*** Raw data
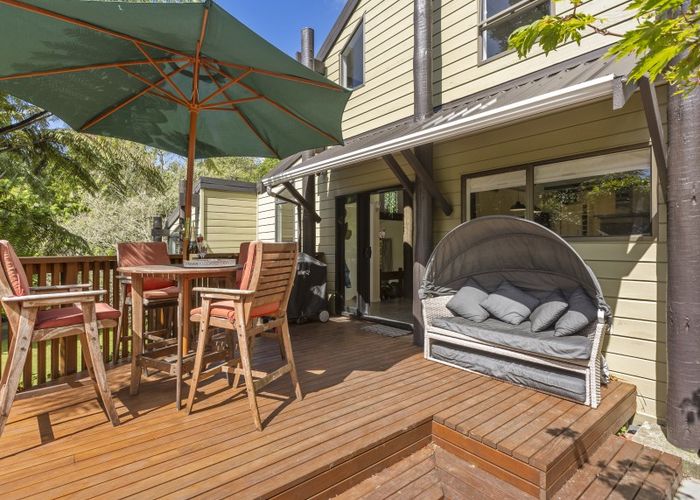  at 9C Kereru Place, Upper Vogeltown, New Plymouth
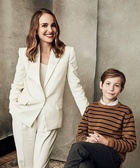 Jacob Tremblay : jacob-tremblay-1536877728.jpg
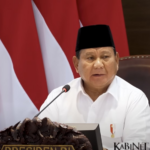 Prabowo dan 50 Bos AS, Kesepakatan Investasi Triliunan Rupiah!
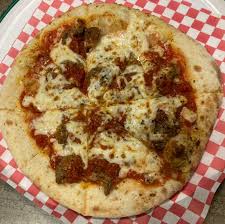 View the menu for bend pizza kitchen on menupages and find your next meal. Pisano S Pizza Home Bend Oregon Menu Prices Restaurant Reviews Facebook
******
▸ **Task prompt**
An exact copy of the listing is needed, minus its pictures.

▸ **Task response**
  at 9C Kereru Place, Upper Vogeltown, New Plymouth
 Jacob Tremblay : jacob-tremblay-1536877728.jpg
 Prabowo dan 50 Bos AS, Kesepakatan Investasi Triliunan Rupiah!
 View the menu for bend pizza kitchen on menupages and find your next meal. Pisano S Pizza Home Bend Oregon Menu Prices Restaurant Reviews Facebook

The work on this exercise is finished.